Cunard remains the only cruise line in the world to offer regularly-scheduled transatlantic crossings throughout most of the year. The vast majority of these take place aboard Queen Mary 2, but the odd crossing does exist from year-to-year aboard the smaller Queen Victoria and Queen Elizabeth.
There are also transatlantic crossings that take place on lines and ships that you may not have even considered. For example, Windstar Cruises routinely offers crossings aboard its 310-guest sailing ship, Wind Surf, and Star Clippers sends its Star Clipper, Star Flyer, and Royal Clipper across the Atlantic on voyages that can span up to 28 days apiece.

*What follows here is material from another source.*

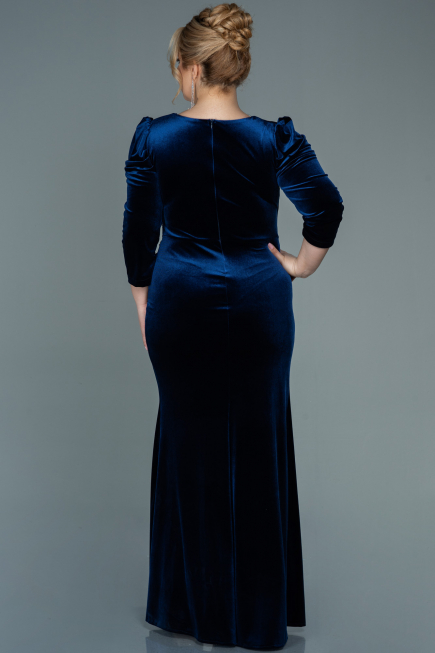 Long Navy Blue Velvet Plus Size Evening Dress ABU2697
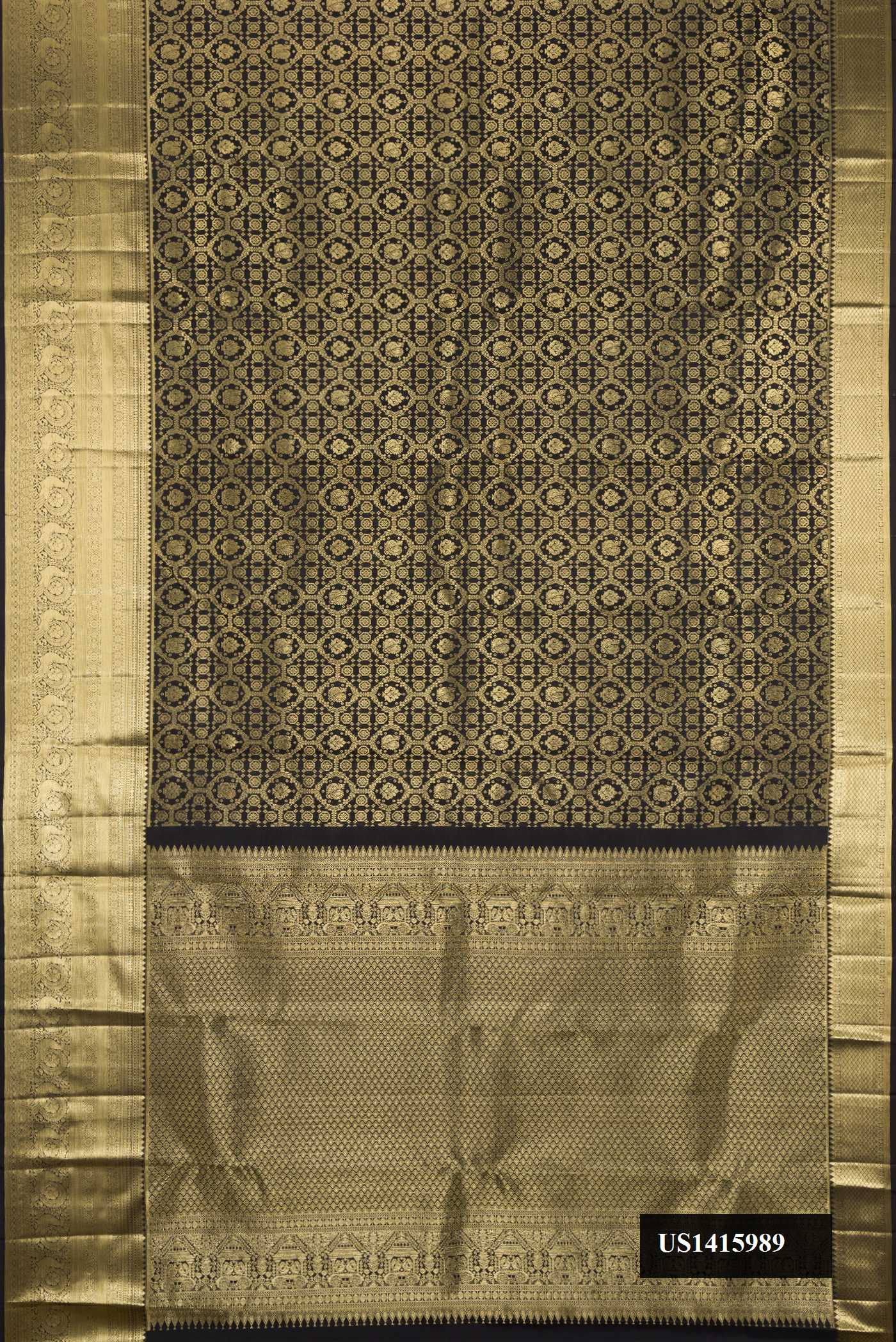 Black Dual Tone Kanchipuram Silk Saree with Zari Brocade on the body and Zari Border.  displayed on a mannequin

The best news of all revolves around price: Because of the duration and the lack of ports, many (but not all) transatlantic crossings go for a rock-bottom price. In fact, when you break it down per-day, a transatlantic crossing offers some of the best value out there. On some lines, as little as $499 per person can get you on a voyage across the Atlantic.
For the Queen Mary 2, there’s more of a prestige factor to her crossings. Still, there are plenty of sub-$1,000 per person sailings out there.
It’s also a great option for those who dislike long-haul flights, or those who have a severe fear of flying.
As for me, I like the transatlantic crossings for all of these reasons. I love flying, but nothing makes you appreciate the vast scale of the ocean that separates Europe from North America like actually spending a week sailing across it.